> **Data shown**
/---

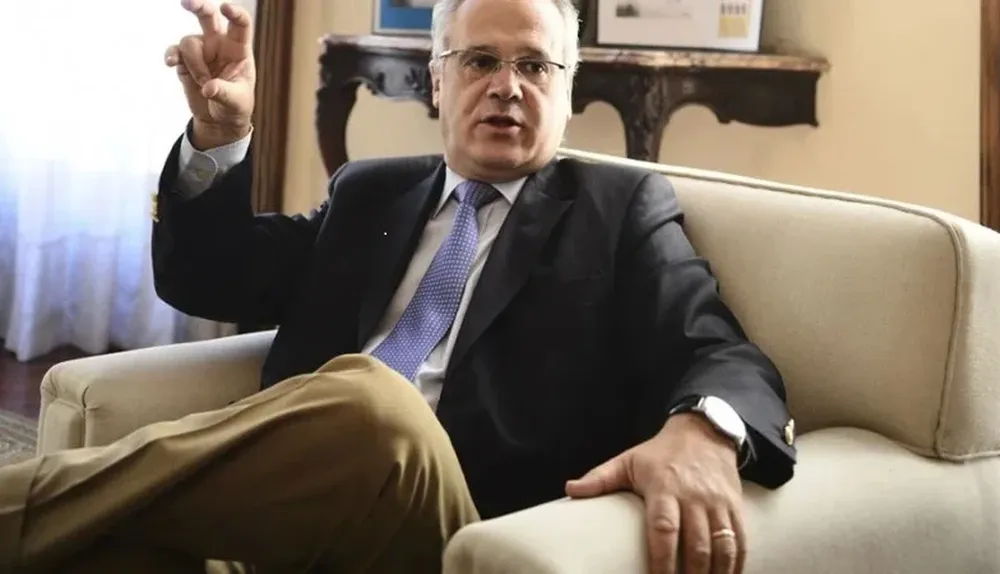 El embajador francés en Níger, Sylvain Itte finalmente abandonó el país.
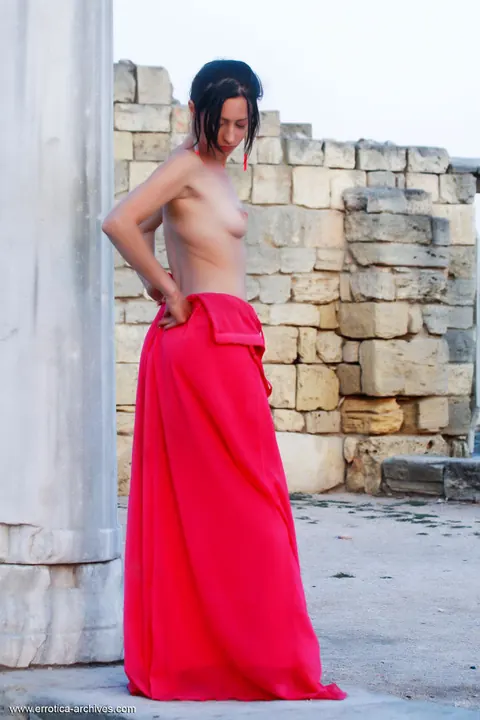 Janelle B: PAWG Brunette Strips Off Her Skirt Outdoors by Pillar – photo 4 of 16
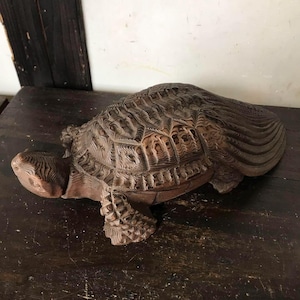 Vintage Hand-Carved Wooden Turtle Figurine - Feng Shui Symbol of Longevity and Prosperity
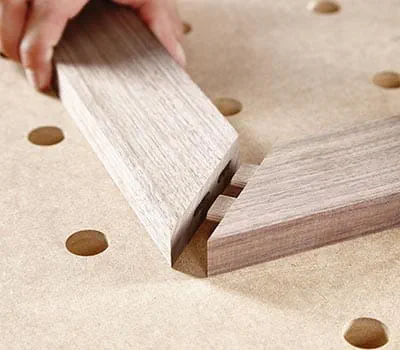 Introdurre i tasselli, utilizzando una buona quantità di colla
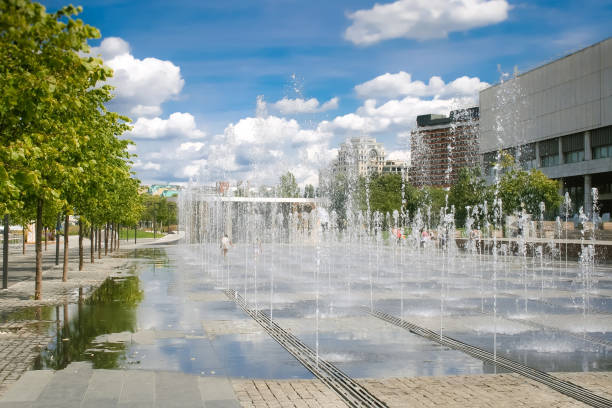 istock Walking (dry) fountain in the square on a sunny cloudy day 1098314194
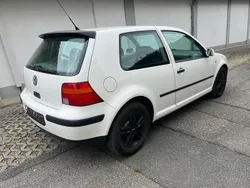 Weiß Gebraucht 1998 VW Golf IV Sport Limousine | 1.990 € (Fairer Preis)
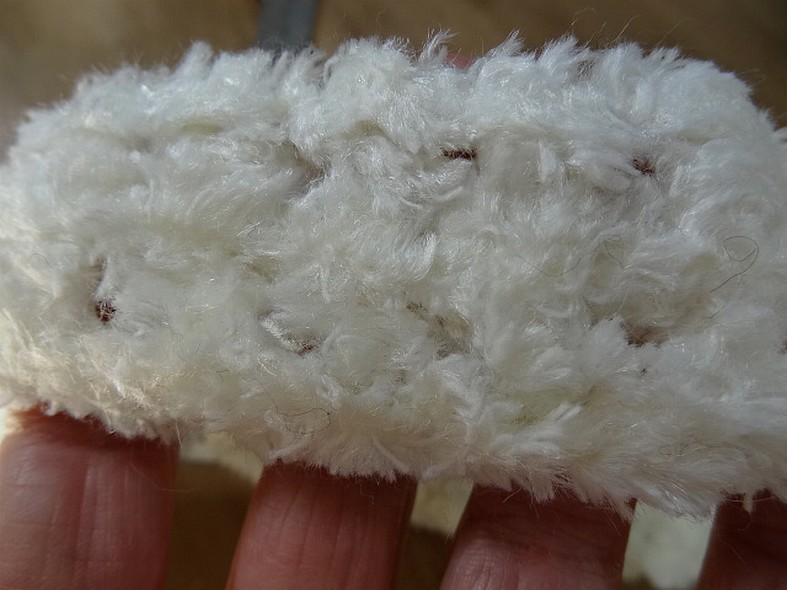 Galon velours chenille blanc casse ajoure 3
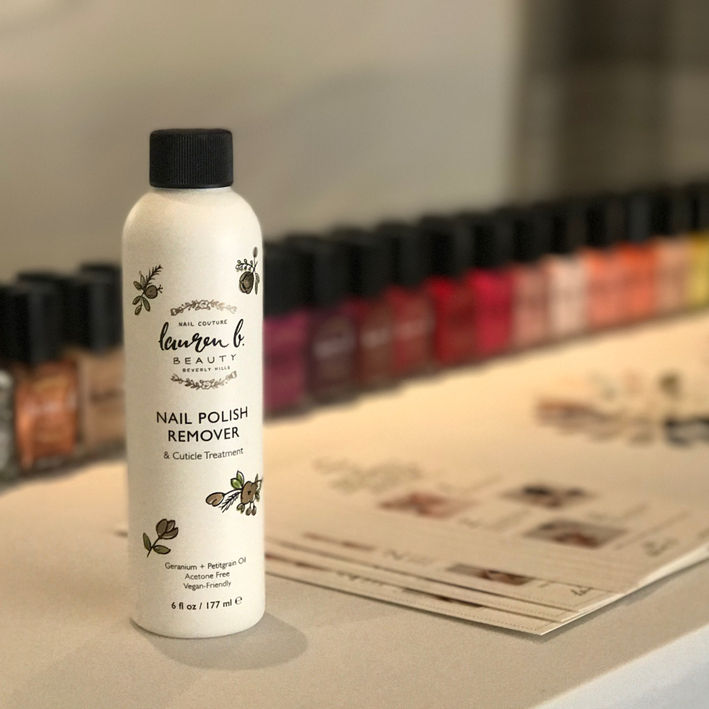 Drumroll please……..Its baaaackkkk! If you know you know. 

#laurenb #cleanbeauty #greenbeauty #7freenailpolish #beauty #luxurybeauty #veganbeauty #crueltyfreebeauty #mompreneur #girlboss #smallbusiness #indiebeauty #notd #handcare #curated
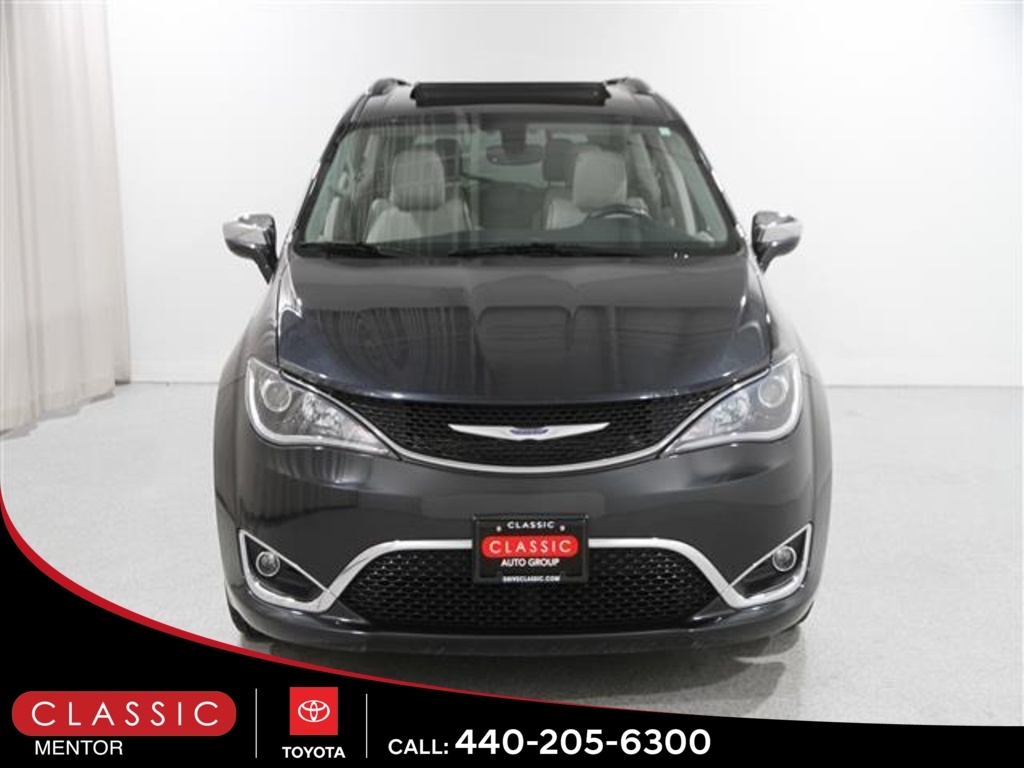 2020 Chrysler Pacifica Limited photo 2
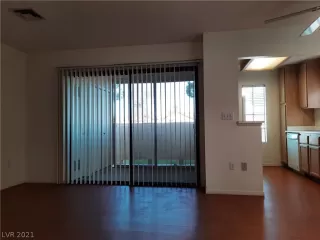 Photo #5: 2286113 Listing 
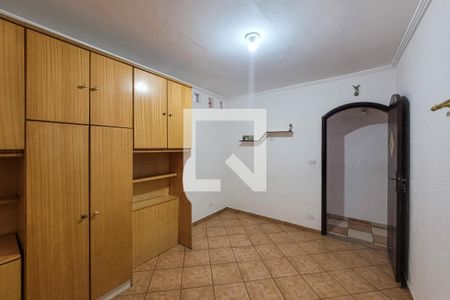 Casa à venda com 225m², 5 quartos e 2 vagas Casa à venda com 225m², 5 quartos e 2 vagasQuarto 2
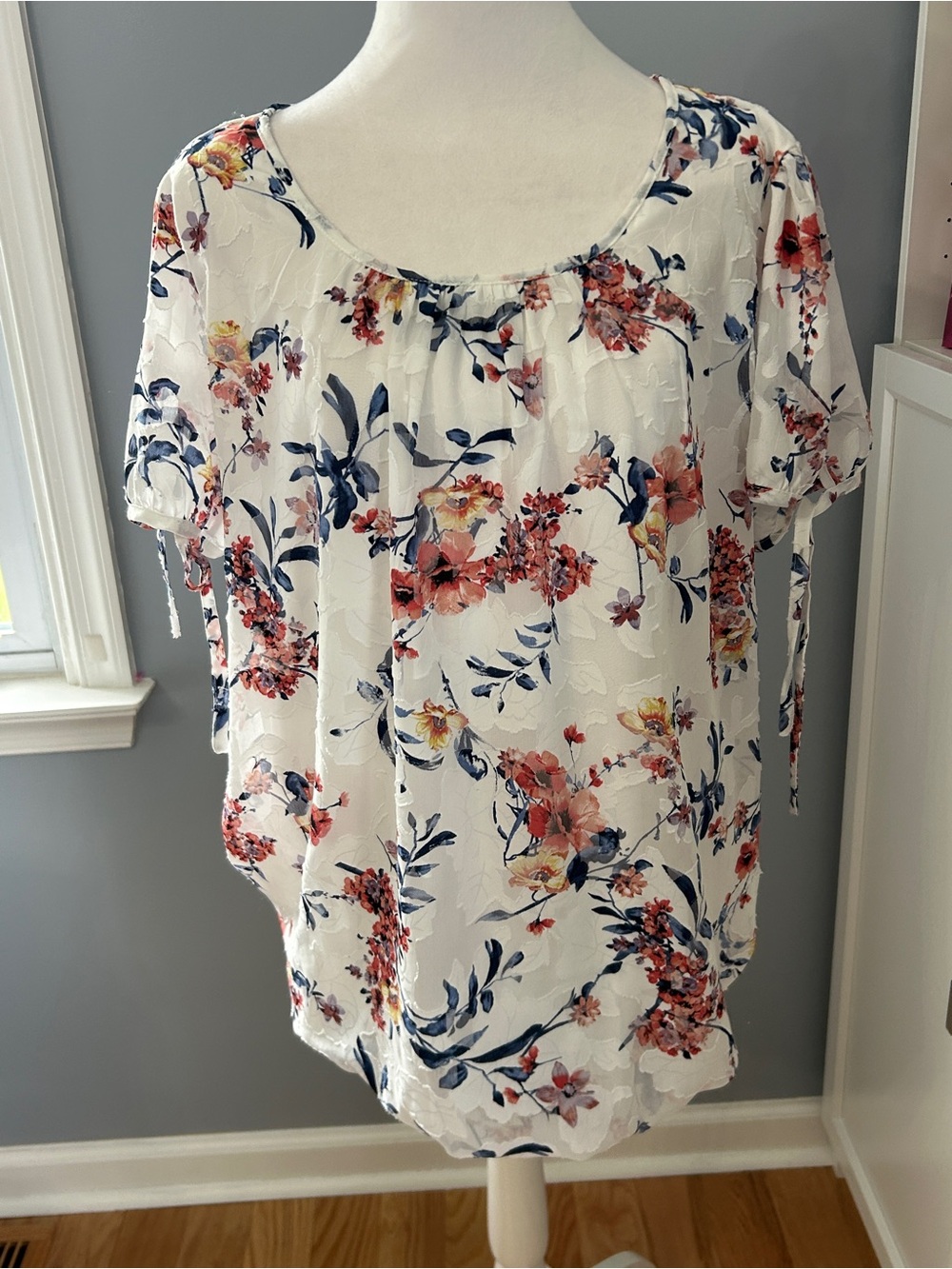 Blousology Floral Print Blouse Size 1X White Tie Sleeve Scoop Neck Plus
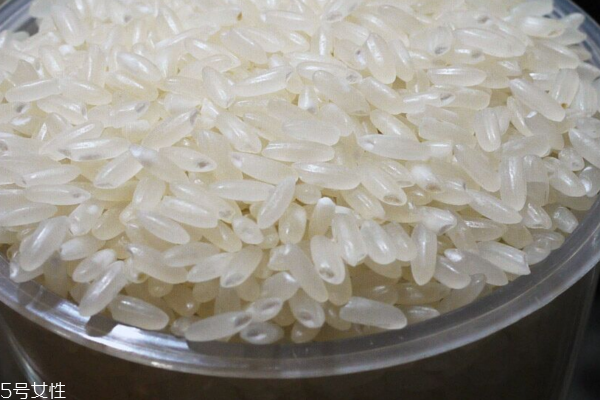 大米會發霉嗎 受潮就會霉
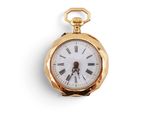 une montre de poche en or avec des chiffres romains sur le cadran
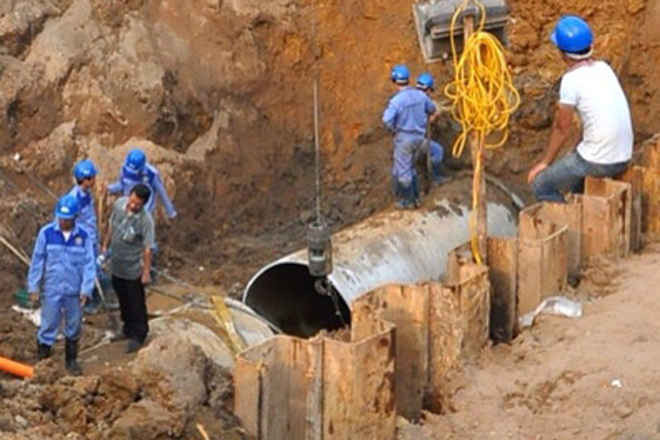 Với việc đường ống nước Sông Đà liên tục xảy ra sự cố thì việc thiếu nước hè năm 2015 là khó tránh khỏi. Ảnh: T.L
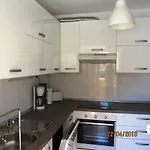 House Sara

\---

> **Exercise goal**
Write back word for word every line in the entries above from the one with "Photo #5: 2286113 Listing" to the one with "une montre de", ends included, and none of the pictures.

> **Answer section**
 Photo #5: 2286113 Listing 
 Casa à venda com 225m², 5 quartos e 2 vagas Casa à venda com 225m², 5 quartos e 2 vagasQuarto 2
 Blousology Floral Print Blouse Size 1X White Tie Sleeve Scoop Neck Plus
 大米會發霉嗎 受潮就會霉
 une montre de poche en or avec des chiffres romains sur le cadran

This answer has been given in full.